This Hasselback Potato Gratin Recipe is worth every minute of the time it takes. Fortunately, most of that time is wrapped up in the oven, non-attended. Slicing the potatoes, although it would go much faster on the mandoline you don’t feel like digging out of you’re-not-sure-which cupboard, goes surprisingly quickly and seems unexpectedly easy with a chef’s knife. The upside to having this dish baking for an hour and a half is that your house will smell deliriously wonderful. A word of warning: this is extra-strength comfort food. As it sits out on the counter, cooling, you’ll think, “I should just take out one little slice, just to see how it came out. No one will notice.” Then it’s another slice, then another, and after a while, you’re just standing in front of the pan with a fork.
What you need for 6 hefty or up to 12 reasonable servings:
5 lbs yellow potatoes
2 Tbs unsalted butter
3 oz. gruyère, freshly grated
2 oz. parmesan, freshly grated
2 cup heavy cream
1 tsp roasted garlic (or two fresh cloves, minced)
1 tsp dried thyme
1 tsp salt, divided
Pepper, to taste
How to do it:
Reserve one potato. Slice the remaining potatoes into 1/8-inch slices.
Preheat the oven to 400ºF as you butter a 12-inch cast-iron skillet. Use all the butter.
Mix the cheeses together in a very large bowl. Set aside one third of the cheese mixture. Add cream, garlic, thyme, ¾-tsp salt, and pepper to the bowl, and mix thoroughly. Add potatoes and toss to coat. With one hand, pull potato slices out of the bowl, one at a time, dunking them in the liquid to ensure that each slice is fully coated. Stack each slice in your other hand until you’ve accumulated a manageable handful. Lay the stack into the skillet on end, working your way around the outer edge, and building concentric circles toward the center. The potatoes should be tightly packed; if you need to, slice the remaining potato, coat the slices, and tuck them into the pan. Pour the remaining liquid evenly over the potatoes. Cover the pan tightly with foil and bake for 30 minutes.
Remove the foil and continue baking for another 30 minutes.
Remove the pan from the oven, sprinkle reserved cheese even over the potatoes, and return the pan to the oven until the top is deeply golden-brown and crispy, another 30 minutes.

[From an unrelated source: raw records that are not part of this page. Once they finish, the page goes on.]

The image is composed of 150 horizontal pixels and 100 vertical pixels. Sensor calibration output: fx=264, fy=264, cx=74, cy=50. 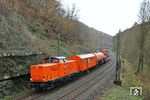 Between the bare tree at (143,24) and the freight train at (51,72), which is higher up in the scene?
the bare tree at (143,24)

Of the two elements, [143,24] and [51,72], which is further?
[143,24]

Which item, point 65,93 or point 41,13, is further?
point 41,13

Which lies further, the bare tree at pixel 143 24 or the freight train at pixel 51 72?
the bare tree at pixel 143 24

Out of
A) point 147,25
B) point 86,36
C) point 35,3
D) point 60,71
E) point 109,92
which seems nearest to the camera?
point 109,92

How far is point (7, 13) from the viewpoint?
28.7 meters

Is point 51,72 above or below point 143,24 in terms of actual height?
below

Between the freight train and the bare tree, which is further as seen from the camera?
the bare tree

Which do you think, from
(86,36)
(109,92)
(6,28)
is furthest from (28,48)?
(86,36)

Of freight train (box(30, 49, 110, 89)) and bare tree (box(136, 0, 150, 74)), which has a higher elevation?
bare tree (box(136, 0, 150, 74))

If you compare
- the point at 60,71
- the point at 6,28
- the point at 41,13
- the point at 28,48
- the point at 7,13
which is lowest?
the point at 60,71

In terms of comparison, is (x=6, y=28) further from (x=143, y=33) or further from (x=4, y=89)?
(x=143, y=33)

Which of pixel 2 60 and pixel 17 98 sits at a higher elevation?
pixel 2 60

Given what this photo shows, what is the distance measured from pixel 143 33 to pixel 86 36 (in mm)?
54113

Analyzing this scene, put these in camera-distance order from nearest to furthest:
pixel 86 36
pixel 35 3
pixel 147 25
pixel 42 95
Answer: pixel 42 95 < pixel 147 25 < pixel 35 3 < pixel 86 36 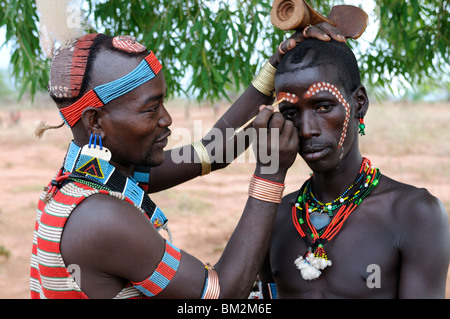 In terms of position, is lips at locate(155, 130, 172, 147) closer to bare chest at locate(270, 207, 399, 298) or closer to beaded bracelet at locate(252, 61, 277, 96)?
beaded bracelet at locate(252, 61, 277, 96)

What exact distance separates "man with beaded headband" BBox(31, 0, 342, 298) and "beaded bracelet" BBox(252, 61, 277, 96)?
1.14 feet

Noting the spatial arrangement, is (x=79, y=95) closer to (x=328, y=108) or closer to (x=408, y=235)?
(x=328, y=108)

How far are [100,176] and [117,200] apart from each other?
0.56ft

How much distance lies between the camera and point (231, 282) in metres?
1.81

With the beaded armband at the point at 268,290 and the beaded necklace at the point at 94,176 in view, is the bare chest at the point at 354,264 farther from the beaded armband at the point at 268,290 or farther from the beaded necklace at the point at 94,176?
the beaded necklace at the point at 94,176

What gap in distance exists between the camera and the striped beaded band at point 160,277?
1.74 metres

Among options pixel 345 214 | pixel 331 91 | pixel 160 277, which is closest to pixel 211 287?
pixel 160 277

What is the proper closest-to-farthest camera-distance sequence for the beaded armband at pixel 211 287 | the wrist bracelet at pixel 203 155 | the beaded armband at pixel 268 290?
the beaded armband at pixel 211 287 < the beaded armband at pixel 268 290 < the wrist bracelet at pixel 203 155

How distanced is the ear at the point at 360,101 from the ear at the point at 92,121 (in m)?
1.09

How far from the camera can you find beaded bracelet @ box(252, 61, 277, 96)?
2.34 meters

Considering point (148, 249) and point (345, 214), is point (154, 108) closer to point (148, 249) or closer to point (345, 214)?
point (148, 249)

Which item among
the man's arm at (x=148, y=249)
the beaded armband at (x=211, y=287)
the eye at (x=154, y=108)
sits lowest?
the beaded armband at (x=211, y=287)

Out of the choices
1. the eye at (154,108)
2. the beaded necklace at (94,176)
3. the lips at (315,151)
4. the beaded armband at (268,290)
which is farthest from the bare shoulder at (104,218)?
the beaded armband at (268,290)

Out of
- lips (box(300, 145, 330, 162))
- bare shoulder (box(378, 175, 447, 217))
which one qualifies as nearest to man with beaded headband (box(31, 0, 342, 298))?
lips (box(300, 145, 330, 162)) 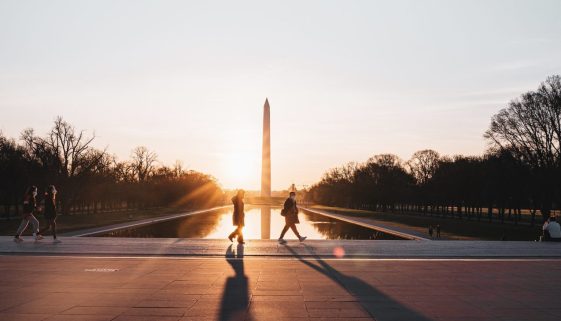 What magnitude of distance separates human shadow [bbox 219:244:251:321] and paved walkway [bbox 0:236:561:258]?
8.83ft

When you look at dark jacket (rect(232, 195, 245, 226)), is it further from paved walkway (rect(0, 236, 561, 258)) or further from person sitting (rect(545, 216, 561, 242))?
person sitting (rect(545, 216, 561, 242))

Sprinkle remaining ¼-tsp salt over entire dish. Allow to rest for at least 10 minutes before serving. Because a cast-iron pan retains heat well, it will stay warm for quite some time. I like these potatoes best once they’ve cooled to just pleasantly warm – quite near room temperature.
Notes
- Your grocer probably sells cheese by the pound rather than by the ounce. Two-to-three ounces is 0.125-0.1875 lbs., which translates to, “Buy the smallest chunks available.” Although, having leftover cheese is never a bad thing in my house.
- Generally, I prefer to eat any vegetable or fruit with the skin on. In this case, because yellow potato skins aren’t especially chewy, and the intent of the dish is to provide a complex texture, I can’t see a good reason to peel the potatoes before slicing them.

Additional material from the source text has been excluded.